UPDATE: Estee Lauder Details Turnaround Plan Amid Recession
05 Febbraio 2009 - 6:57PM
Dow Jones News
In the midst of one of the toughest consumer environments in
decades, Estee Lauder Cos. (EL) on Thursday announced an ambitious
four-year turnaround plan, which includes a 6% reduction in its
work force and an immediate freeze in merit pay increases.
As expected, the beauty company posted lower fiscal
second-quarter results, following a cut in its sales and earnings
forecasts last month.
"We know this recession is likely to be longer, deeper and
tougher than any in recent memory," said Chief Executive William
Lauder in the company's earnings call. "We anticipate being able to
withstand the pressure."
Estee Lauder unveiled a four-year plan that would see it cut
2,000 jobs over the next two years in an effort to save up to $550
million over four years. The company also said it plans to impose
an immediate company-wide freeze in merit pay increases, and it
will continue a hiring freeze except for necessary positions.
The strategic plan also aims to boost non-U.S. sales to more
than 60% of overall revenue, with the Asia-Pacific area expected to
lead growth. One analyst estimates non-U.S. sales at about 58% now.

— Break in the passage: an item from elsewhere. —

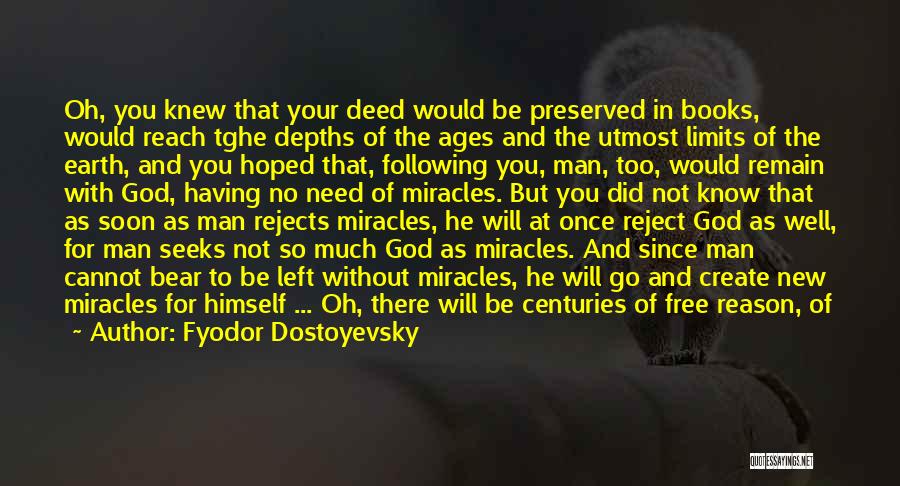 Fyodor Dostoyevsky Quotes: Oh, You Knew That Your Deed Would Be Preserved In Books, Would Reach Tghe Depths Of The Ages And The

The company also gave an operating margin goal of 12% to 13% by
fiscal 2013. It also said it wants to increase its marketshare in
the beauty segment by at least 1 percentage point every year.
The growth plan was somewhat more ambitious than at least one
analyst's estimates.
"It is more aggressive than we expected," said Linda Bolton
Weiser, an analyst with Caris & Company, saying Estee Lauder's
strategic plan implies a 20% compound annual growth rate over the
next four years, while her firm estimated last year a growth of 15%
over the next five years.
The success of the strategic plan will depend on Estee Lauder's
execution as well as how quickly the economy recovers, said Ali
Dibadj, a Sanford C. Bernstein & Co. analyst.
But the economic environment should continue to be difficult in
the near term and isn't expected to improve, said Chief Executive
Lauder.
The beauty industry - usually thought to be resilient in bad
economies - is coming under hefty pressure from rising
unemployment, declines in consumer spending and dismal retail
sales. Some observers had expected upscale makeup and skin-care
products to hold their own during the downturn, but consumers who
were already buying fewer sweaters and handbags have finally begun
to sacrifice their beauty regimens to the recession as well.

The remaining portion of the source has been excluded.